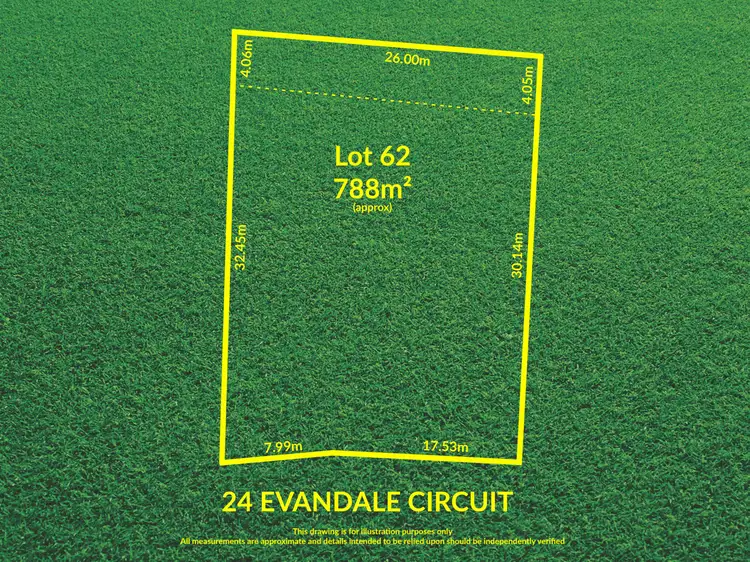 Main view of Homely land listing, LOT 62, 24 Evandale Circuit, Happy Valley SA 5159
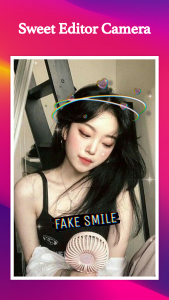 اسکرین شات 5 برنامه Sweet Editor Camera Lite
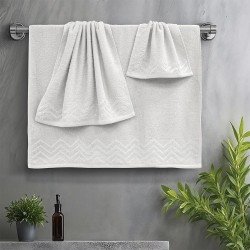 Πετσέτες Σετ Wavie Ecru Cotton Lino 3Τεμ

+++

With pictures excluded, copy exactly the lines from the line containing "اسکرین شات 5 برنامه Sweet Editor Camera Lite" through the last line of the listing above, both ends included.

 اسکرین شات 5 برنامه Sweet Editor Camera Lite
 Πετσέτες Σετ Wavie Ecru Cotton Lino 3Τεμ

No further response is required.